David Lipsky has been kind enough to take part in a little Q&A with The Howling Fantods about his fantastic new book, Although Of Course You End Up Becoming Yourself : A Road Trip with David Foster Wallace. David spent five days with David Foster Wallace in 1996 recording almost every moment on tape for a Rolling Stone article that never ran. The book documents those five days. It is DFW speaking about DFW, at length, and it's great.
Nick Maniatis: The first few days of your time with Wallace played out like a competitive conversation—positioning, sidestepping, repositioning. I particularly enjoyed moments when you questioned Wallace about his interview persona. Had you planned to challenge him that way? He seemed surprised that you would even go there.

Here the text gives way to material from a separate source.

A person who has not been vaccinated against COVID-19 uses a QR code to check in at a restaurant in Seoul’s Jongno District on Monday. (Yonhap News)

David Lipsky: In the beginning, just being around David was rattling, the kind of thrill that makes you drop stuff. If you’re reporting, there’s lots of administrative stuff you can do—busy work: opening tapes, flipping your notebook—to make yourself look capable and occupied when actually your heart is rhumbaing and the real feeling is being desperate to be liked. That’s where I was the first day or so: I knew how great a writer David was. Now here was this extraordinary thing of his being suddenly in front of me. How had that happened?

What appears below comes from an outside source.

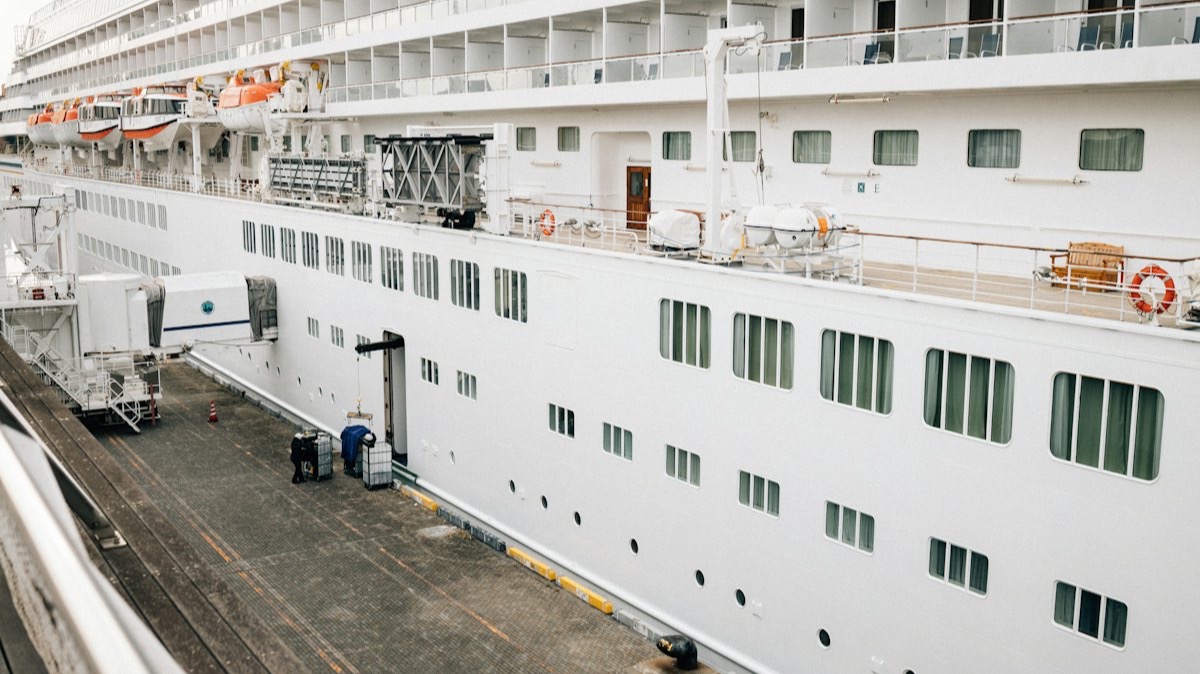 Un navire de croisière à quai, relié au terminal par une passerelle d'embarquement couverte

And there’s the funny thing of reading somebody a lot—you can’t really get any closer to another person. That’s the great lure of reading, the intimacy, the brain vacation. David says something great about this in the book: “It’s really feeling, that their brain voice for a while becomes your brain voice. The Vulcan Mind Meld perhaps is a better analogy. [Readers] feel intimate with you... not just that you’d be somebody it’d be great to be friends with, but that they are your friend.” And that’s how I felt. And the first day, he wasn’t that brain voice I’d been Vulcaning with. He was talking about hoping to get laid on book tour (which didn’t sound like him at all), he seemed to be holding back on how brilliant he was—he was like an NBA center crouching and shrugging to fit into a junior high’s varsity photo. Which, if you thought about it, was kind of a challenge: was the listener going to not notice his skills and height? So I would point that out. David keeps saying things like, “This is a good tactic of yours, to get me a little pissed off, and then I’m going to reveal more, I’ll be less guarded.” But it was more me just trying to keep up and hang on.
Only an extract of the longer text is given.